__EXERCISE DIRECTIONS__:
Would you set down every line of the data below exactly as it reads?

+++ DATA SUPPLIED

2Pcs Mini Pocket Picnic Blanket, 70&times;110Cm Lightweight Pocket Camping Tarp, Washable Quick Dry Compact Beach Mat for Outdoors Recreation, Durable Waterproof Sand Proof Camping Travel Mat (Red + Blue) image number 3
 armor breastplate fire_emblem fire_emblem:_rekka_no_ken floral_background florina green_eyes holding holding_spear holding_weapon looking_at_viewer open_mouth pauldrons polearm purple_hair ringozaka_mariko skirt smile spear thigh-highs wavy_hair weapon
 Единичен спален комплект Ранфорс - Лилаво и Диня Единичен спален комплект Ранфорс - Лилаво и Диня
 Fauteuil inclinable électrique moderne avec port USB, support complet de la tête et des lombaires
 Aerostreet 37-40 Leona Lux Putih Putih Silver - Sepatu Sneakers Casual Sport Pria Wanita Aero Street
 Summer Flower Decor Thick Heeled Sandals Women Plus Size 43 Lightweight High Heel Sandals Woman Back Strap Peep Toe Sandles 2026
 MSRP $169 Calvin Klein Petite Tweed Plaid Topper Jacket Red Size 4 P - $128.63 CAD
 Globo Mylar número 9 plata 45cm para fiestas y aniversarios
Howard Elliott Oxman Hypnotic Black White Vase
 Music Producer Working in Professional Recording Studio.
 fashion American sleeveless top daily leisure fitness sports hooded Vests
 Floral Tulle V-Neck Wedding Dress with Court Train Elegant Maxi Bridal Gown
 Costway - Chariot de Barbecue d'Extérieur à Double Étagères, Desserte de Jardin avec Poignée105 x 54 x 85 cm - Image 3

++++++

__OUTPUT FOR THIS TASK__:
2Pcs Mini Pocket Picnic Blanket, 70&times;110Cm Lightweight Pocket Camping Tarp, Washable Quick Dry Compact Beach Mat for Outdoors Recreation, Durable Waterproof Sand Proof Camping Travel Mat (Red + Blue) image number 3
 armor breastplate fire_emblem fire_emblem:_rekka_no_ken floral_background florina green_eyes holding holding_spear holding_weapon looking_at_viewer open_mouth pauldrons polearm purple_hair ringozaka_mariko skirt smile spear thigh-highs wavy_hair weapon
 Единичен спален комплект Ранфорс - Лилаво и Диня Единичен спален комплект Ранфорс - Лилаво и Диня
 Fauteuil inclinable électrique moderne avec port USB, support complet de la tête et des lombaires
 Aerostreet 37-40 Leona Lux Putih Putih Silver - Sepatu Sneakers Casual Sport Pria Wanita Aero Street
 Summer Flower Decor Thick Heeled Sandals Women Plus Size 43 Lightweight High Heel Sandals Woman Back Strap Peep Toe Sandles 2026
 MSRP $169 Calvin Klein Petite Tweed Plaid Topper Jacket Red Size 4 P - $128.63 CAD
 Globo Mylar número 9 plata 45cm para fiestas y aniversarios
Howard Elliott Oxman Hypnotic Black White Vase
 Music Producer Working in Professional Recording Studio.
 fashion American sleeveless top daily leisure fitness sports hooded Vests
 Floral Tulle V-Neck Wedding Dress with Court Train Elegant Maxi Bridal Gown
 Costway - Chariot de Barbecue d'Extérieur à Double Étagères, Desserte de Jardin avec Poignée105 x 54 x 85 cm - Image 3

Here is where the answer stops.